(Collection entries)
>>>
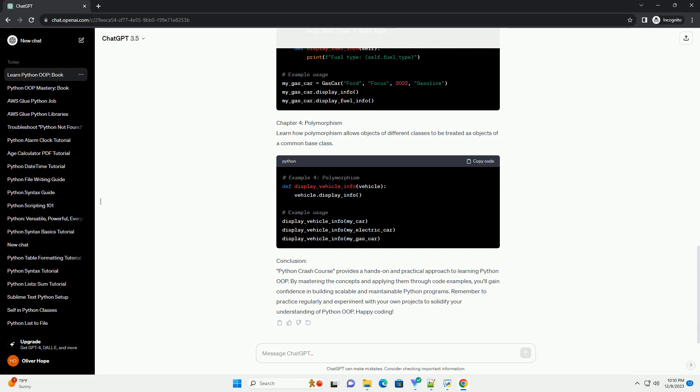Chapter 3: Inheritance and Encapsulation. Explore how inheritance allows you to create new classes based on existing ones, and how encapsulation helps protect the internal details of a class.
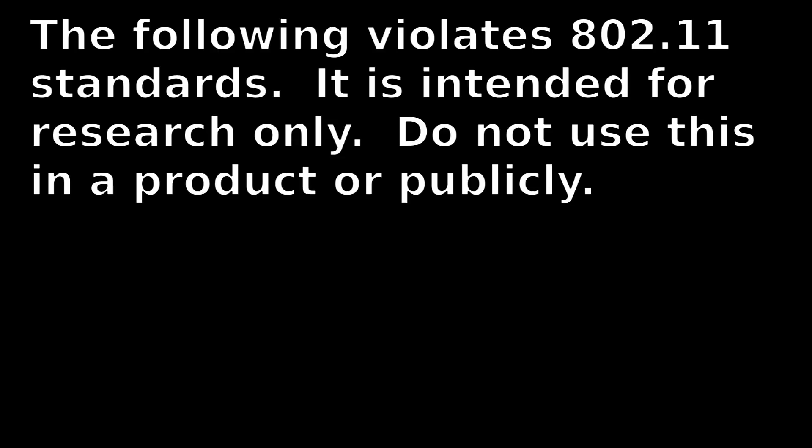The following violates 802.11 standards. It's intended for research purposes only. Please don't use this as a product or anywhere outside of your own home. Otherwise, somebody like the FCC is probably going to get pretty upset.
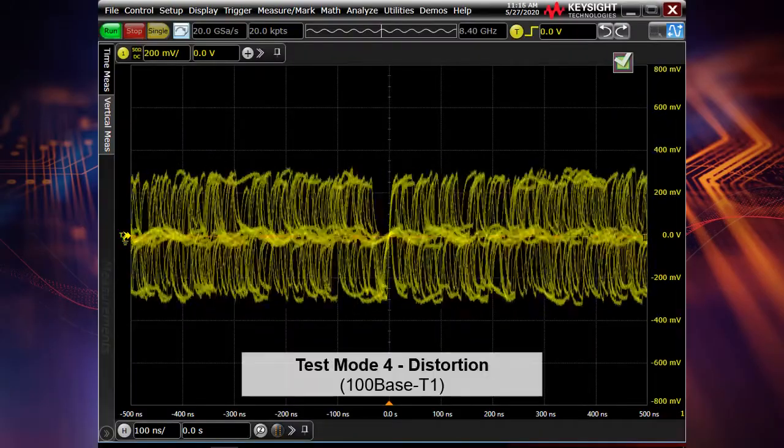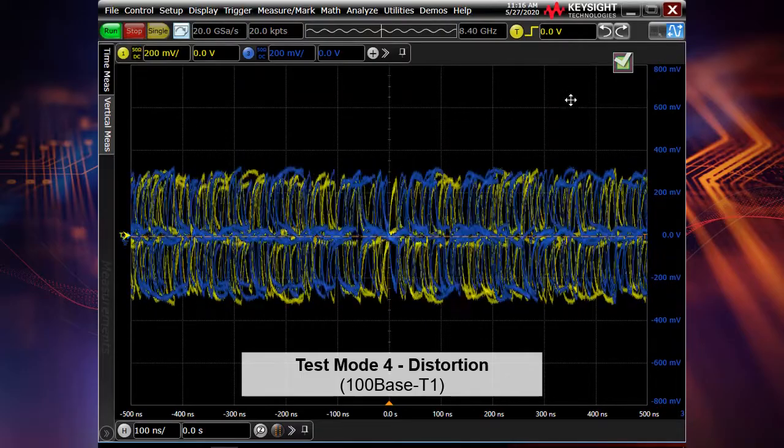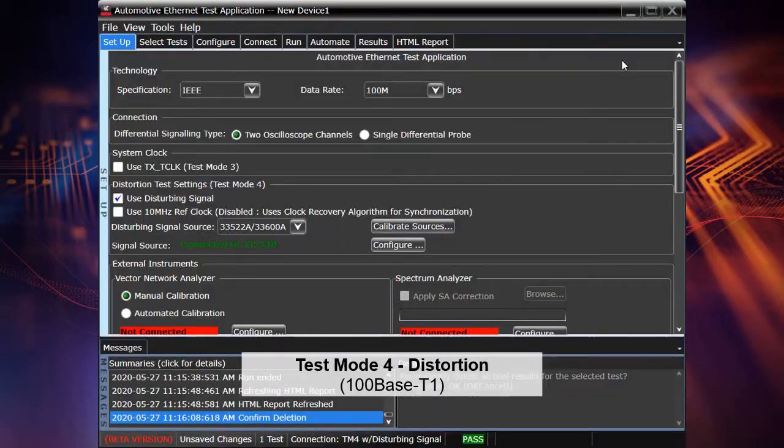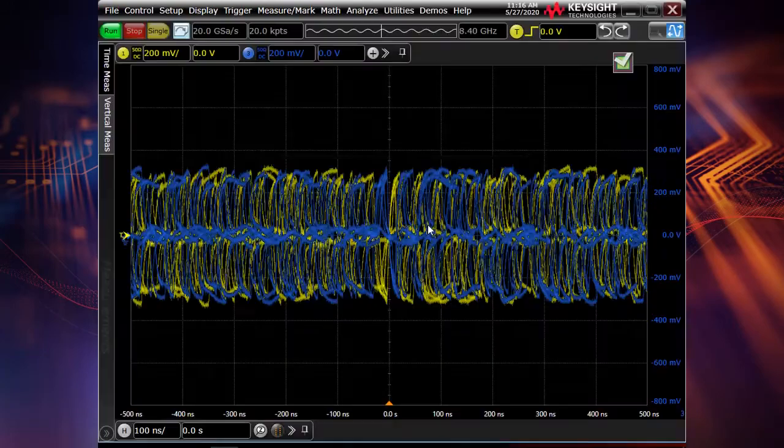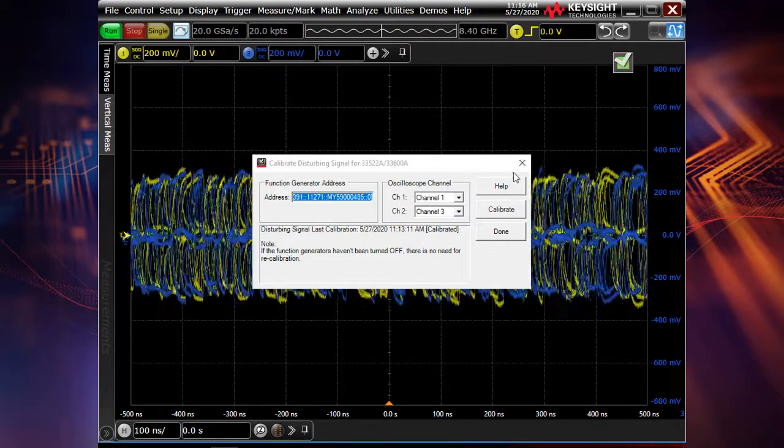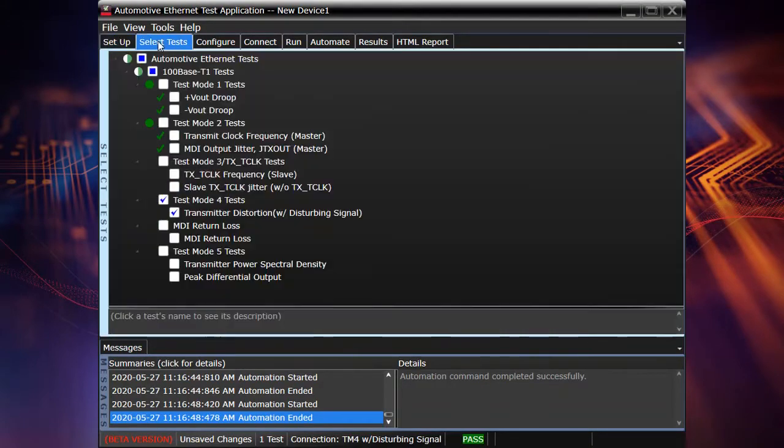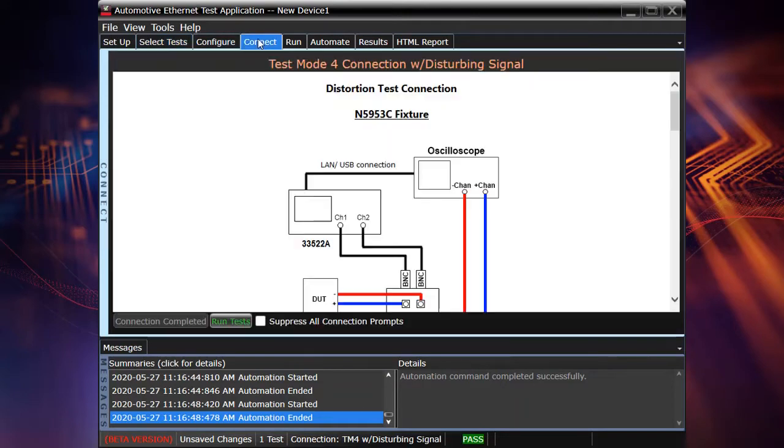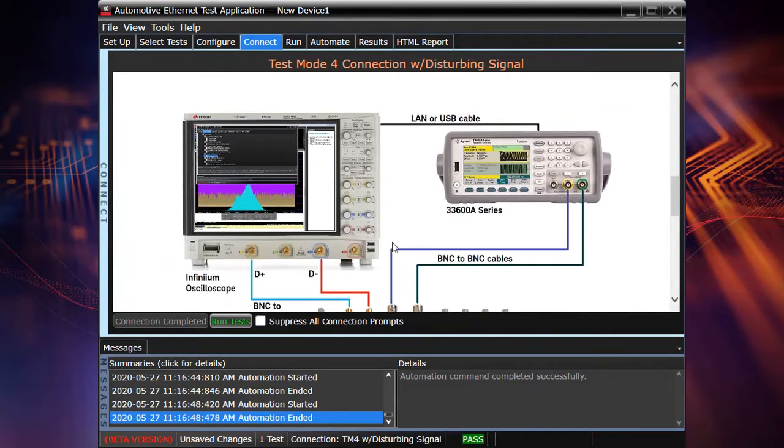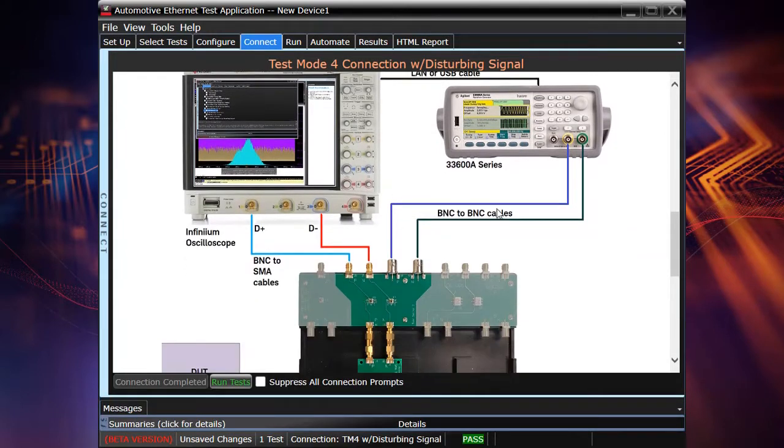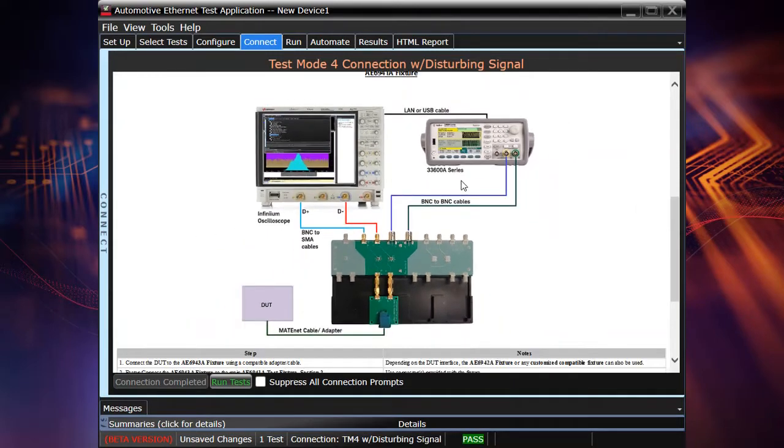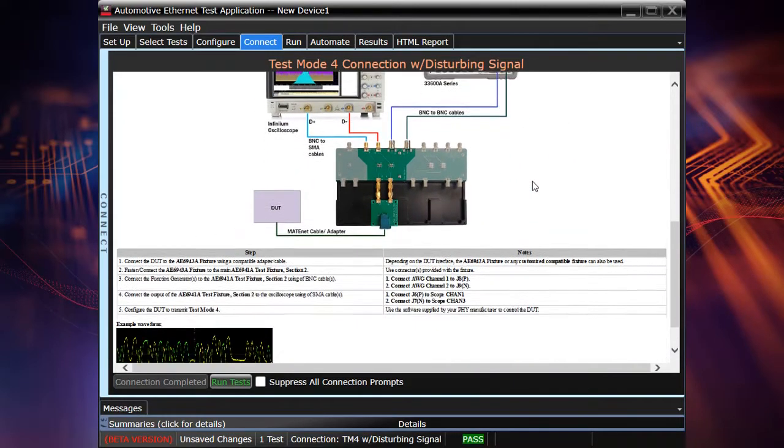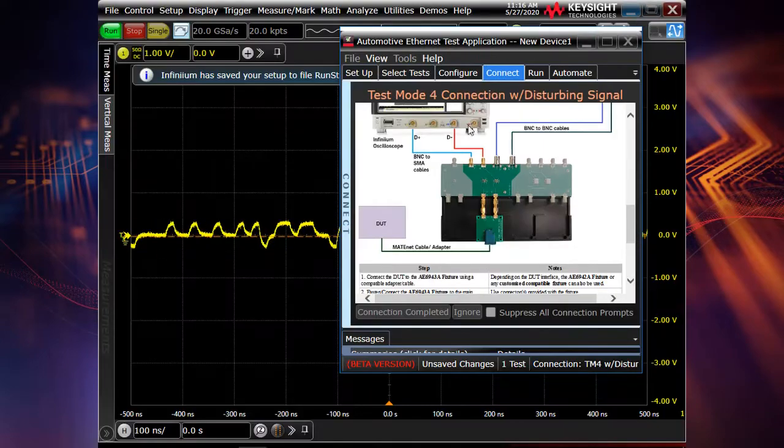Let's perform test mode four, which is a transmission distortion test. So now we switch to this test mode and let's go to the compliance test application. We connected to the signal source. And of course, before our test, we need to calibrate the source. So everything is made. And selecting the test mode four tests, I'm going to the connection diagram and all the instructions which are given. So currently I'm using the second connection diagram, which uses the new automotive Ethernet test fixture AE6941A. And the example of waveform is given as well. And now we are running the tests.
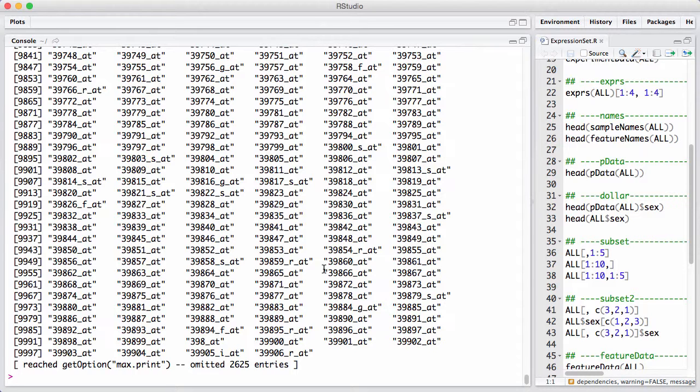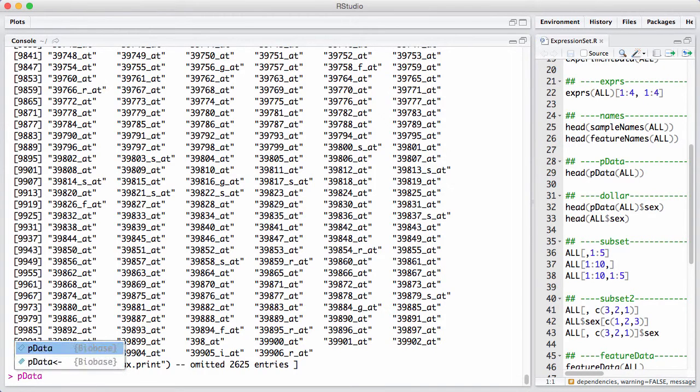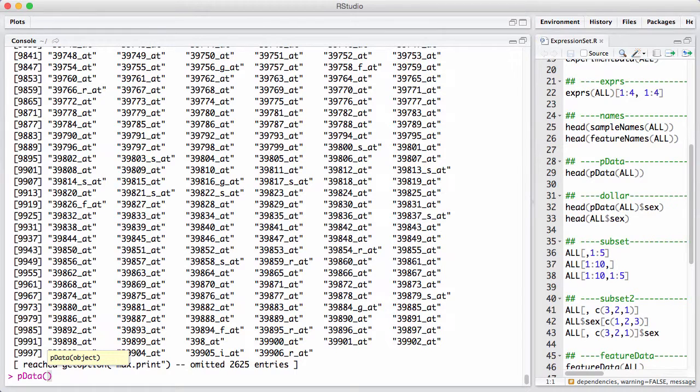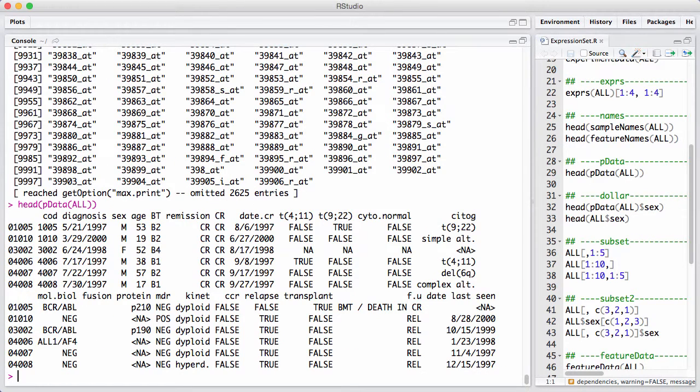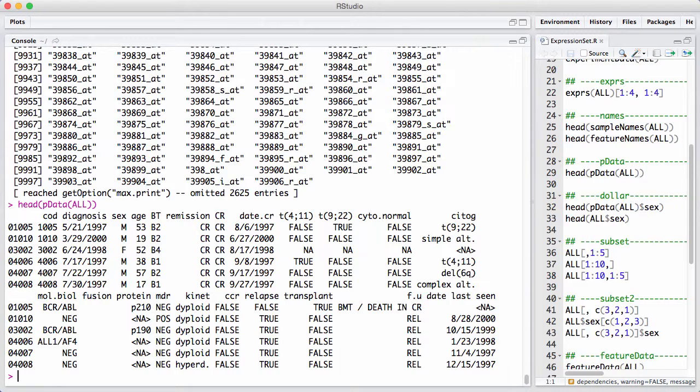We're also very interested in the phenotype data. The phenotype data is covariates or information about the samples that was being run. We get that by using the accessor function called pData, p for pheno. And this is a big data frame. It has 128 rows now. So we are just going to print the top of them. We can see there's information about the samples such as the sex, the diagnosis, the age, and various other types of information that are important in order to interpret the data.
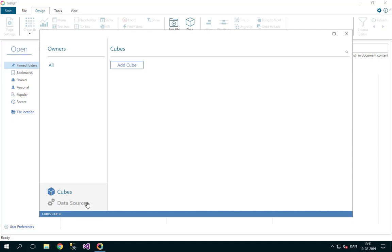Of course, it's empty right now. We will be adding cubes and data sources as we go through this course.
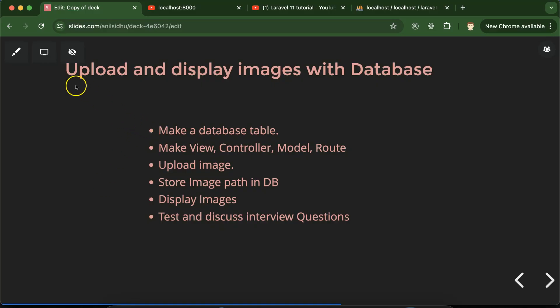Hi everyone. Now we will learn how to upload and display images with the help of a database in Laravel. When we talk about images and database, it never means we store the images in the database. We basically store the images in the file system, and in the database we just keep the path of the images. Whenever we have to display them, we get this path from the database and display the images on the UI.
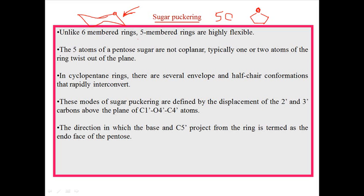The five-membered rings are not usually planar like six-membered rings. Some carbons can be slightly tilted upward from the plane, and some carbon positions or moieties attached with carbon can be pointed downwards relative to the plane. The five atoms of pentose sugar are not coplanar — they are not in the same plane.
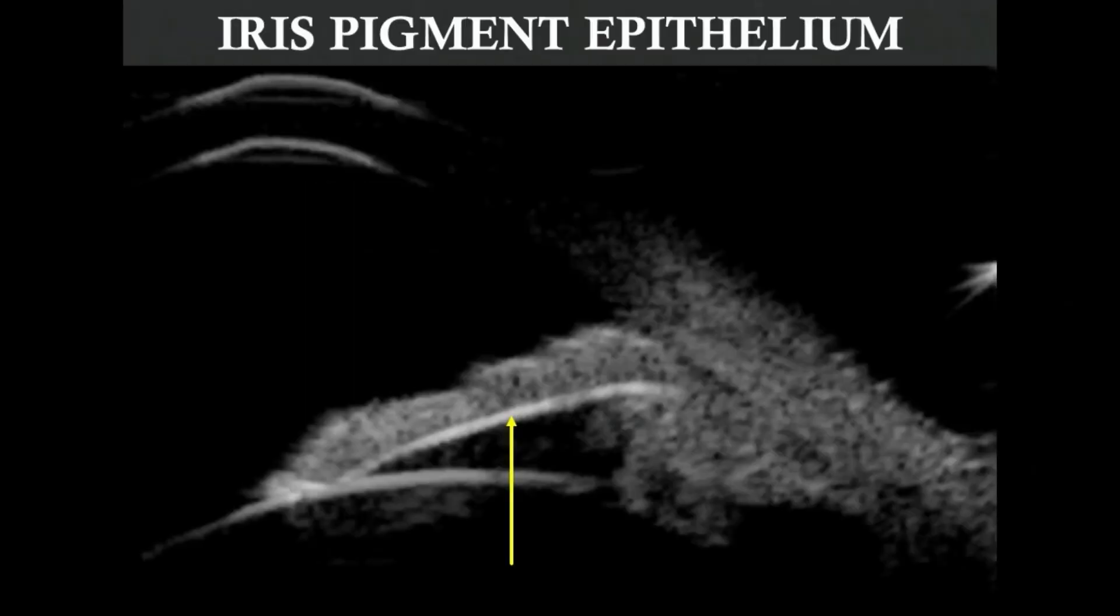The iris epithelium can be imaged as a hyperreflective line on the posterior surface of the iris. The UBM image also shows the relationship of iris margin to the anterior lens surface.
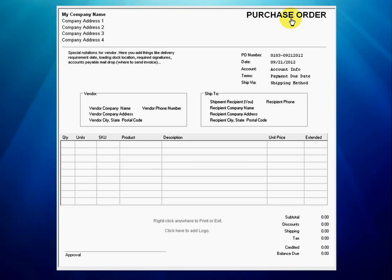This is a short video tutorial that demonstrates the Audogen purchase order form configuration process. The purchase order form software is a standalone Windows program that allows users to create a professional looking purchase order without vendor or product databases and the complex configuration that typifies many database software systems.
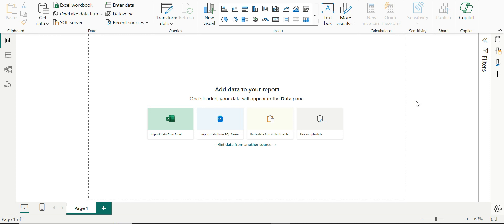Hello and welcome to this video on Power BI. In this video, let us take a look at how we can connect to Azure Cosmos DB from Power BI and load data from Azure Cosmos DB into Power BI.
<<<
◆ About this exercise:
Please restate the lines above exactly, starting at the first line of the data and stopping at the line containing "Of course, it's", which is included. Omit pictures.

◆ Result for this task:
Chapter 3: Inheritance and Encapsulation. Explore how inheritance allows you to create new classes based on existing ones, and how encapsulation helps protect the internal details of a class.
The following violates 802.11 standards. It's intended for research purposes only. Please don't use this as a product or anywhere outside of your own home. Otherwise, somebody like the FCC is probably going to get pretty upset.
Let's perform test mode four, which is a transmission distortion test. So now we switch to this test mode and let's go to the compliance test application. We connected to the signal source. And of course, before our test, we need to calibrate the source. So everything is made. And selecting the test mode four tests, I'm going to the connection diagram and all the instructions which are given. So currently I'm using the second connection diagram, which uses the new automotive Ethernet test fixture AE6941A. And the example of waveform is given as well. And now we are running the tests.
We're also very interested in the phenotype data. The phenotype data is covariates or information about the samples that was being run. We get that by using the accessor function called pData, p for pheno. And this is a big data frame. It has 128 rows now. So we are just going to print the top of them. We can see there's information about the samples such as the sex, the diagnosis, the age, and various other types of information that are important in order to interpret the data.
Of course, it's empty right now. We will be adding cubes and data sources as we go through this course.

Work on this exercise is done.